* _What you have to do_: Skipping all pictures, print exactly the lines below from the one with "Billet publicitaire - 10" through the final line.

* _Exercise input_:
○ ○ ○ ○
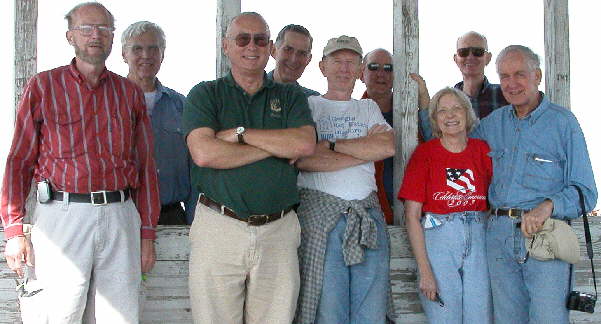 The OFHC gang for today's hike. (l-r ) Ray Cowan, Dick Metzgar, Jack Jacobi, Bob Thompson, Phil Brownrigg, &nbspWayne Miller, Geri Whitaker, John Ray, and David Whitaker.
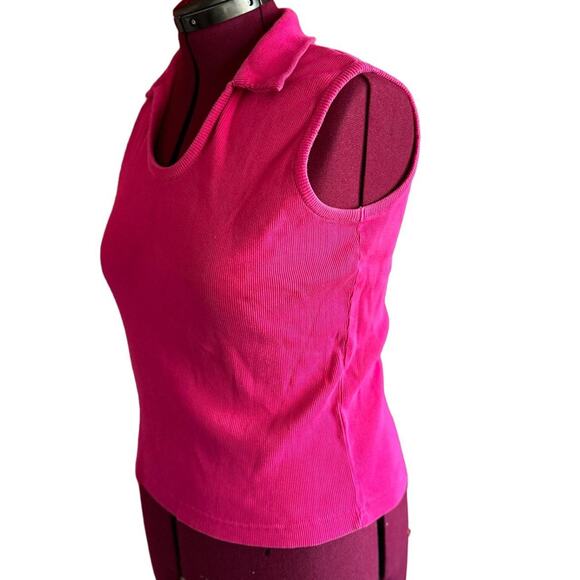 Womens Top Size XL Pink Tank Collar Business Casual Resort Wear Golf Tennis Work - Picture 5 of 7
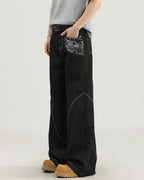 Jeans Larghi da uomo con Cuciture a Contrasto | Haven Loom, immagine 3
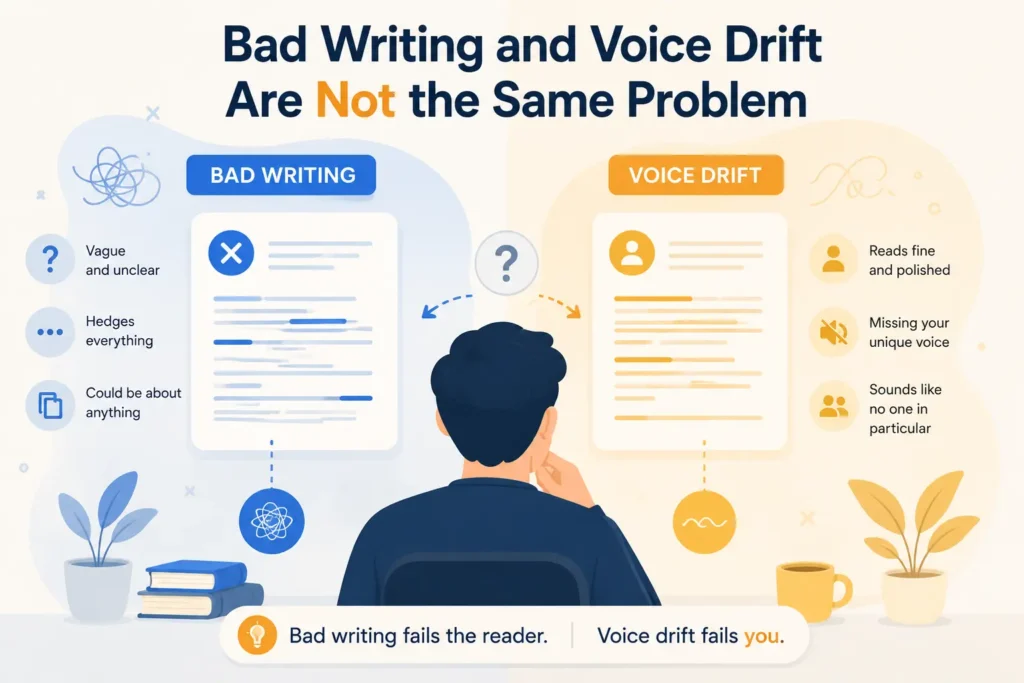 Bad Writing and Voice Drift Are Not the Same Problem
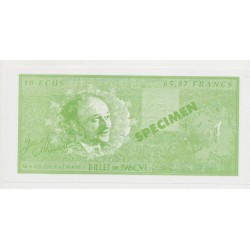 Billet publicitaire - 10 écus - avenir banque de france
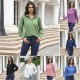 Women Elegant Solid Color Lapel Long Sleeve Blouses Women Elegant Solid Color Lapel Long Sleeve Blouses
○ ○ ○ ○
* _Result of this task_:
 Billet publicitaire - 10 écus - avenir banque de france
 Women Elegant Solid Color Lapel Long Sleeve Blouses Women Elegant Solid Color Lapel Long Sleeve Blouses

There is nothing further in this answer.